Questions on Interruption handling

Thu Oct 23 09:53:39 PDT 2014

On Wed, Oct 22, 2014 at 02:43:44PM -0300, Angelo Brito wrote:
> I had some issues with the Interruption handling. The scenario is as follows:
> We have a NVMe Device with single MSI enabled and some of its
> transfers took about 1000 jiffies (ms) to execute. We saw this when we
> used IOMeter to benchmark a NVMe controller and we noticed that about
> 1 in 10 commands took much longer than expected. When we traced
> through the kernel code we tracked the issue to come from the nvme_irq
> function. In most cases, it is triggered by the interrupts and all
> CQEs in the queue are processed correctly. In some cases, though, we
> found out that a new CQE arrived while the nvme_irq function was
> processing previous entries or just after the CQ doorbell has been
> sent. These entries were overlooked by the driver and picked up later
> by the nvme_kthread function, which reexecutes the nvme_process_cq
> function once every second.

This ought not be possible.  This is how things are supposed to work:

A. Device writes to CQ
B. Device sends MSI

1. Host receives interrupt
2. Host checks CQ

Now, I'm assuming that you have a flood of interrupts coming in because
you have a high IOPS workload and haven't configured interrupt mitigation.
The soft interrupt mitigation in handle_edge_irq() should be kicking in
and preventing the driver from being overwhelmed:

        if (unlikely(irqd_irq_disabled(&desc->irq_data) ||
                     irqd_irq_inprogress(&desc->irq_data) || !desc->action)) {
                if (!irq_check_poll(desc)) {
                        desc->istate |= IRQS_PENDING;
                        mask_ack_irq(desc);
                        goto out_unlock;
                }
        }
...
        do {
...
                if (unlikely(desc->istate & IRQS_PENDING)) {
                        if (!irqd_irq_disabled(&desc->irq_data) &&
                            irqd_irq_masked(&desc->irq_data))
                                unmask_irq(desc);
                }

                handle_irq_event(desc);

        } while ((desc->istate & IRQS_PENDING) &&
                 !irqd_irq_disabled(&desc->irq_data));

handle_irq_event() ends up calling the nvme_irq() handler.

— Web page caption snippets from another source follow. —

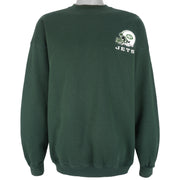 NFL (Puma) - New York Jets Embroidered Sweatshirt 1990s XX-Large Vintage Retro Football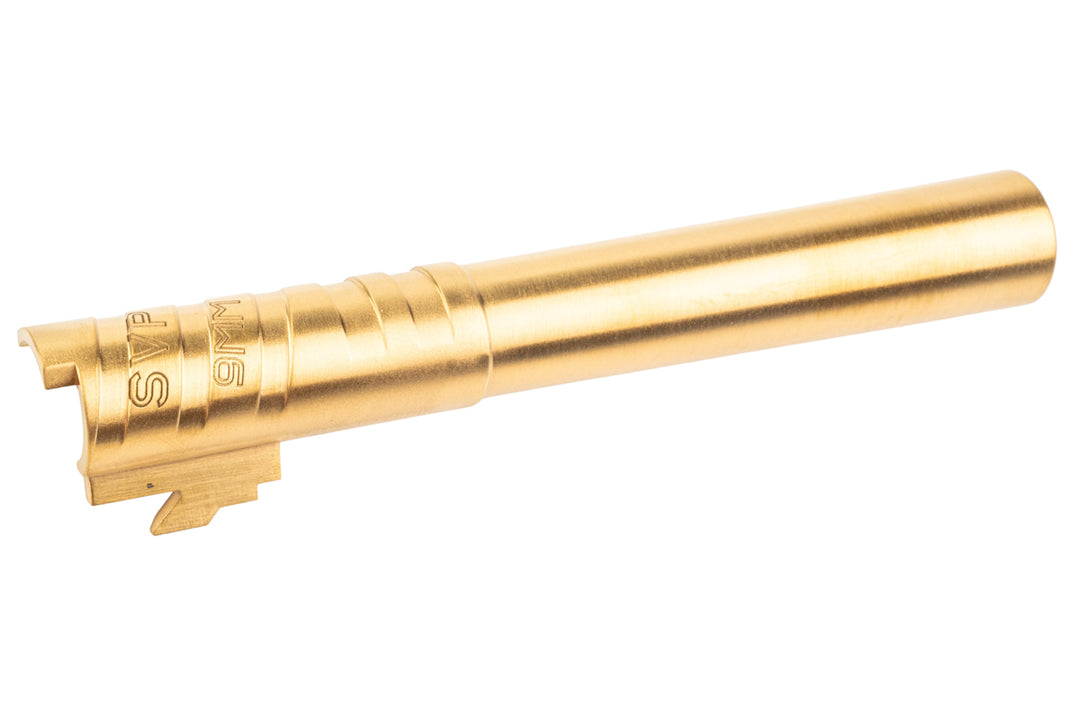 5KU Tokyo Marui Hi Capa 5.1 GBB Infinity SVP Stainless Steel Outer Barrel (9mm Marking) - Gold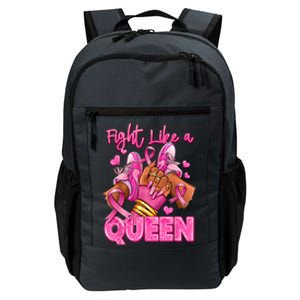 Afro Queen Black Women Breast Cancer Survivor Ribbon Daily Commute Backpack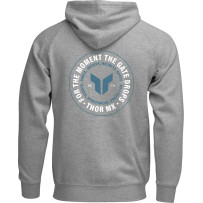 Badge Zip-Up Hoodie — 3XL, Heather Gray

Notice that we never tell the *device* to stop sending interrupts.
We'll mask this interrupt on the CPU, but we'll always unmask it before
calling the interrupt handler again.  That guarantees that if an interrupt
arrives during handling of the previous interrupt, we'll call the handler
at least once more.

So, absolutely, a CQE can arive *just* after nvme_process_cq() loads
the cqe.  But if it does, there should be an interrupt shortly afterwards
that triggers nvme_irq() to be called again.  Are you sure your device
is sending an interrupt after it sends the CQE whose processing is
being delayed?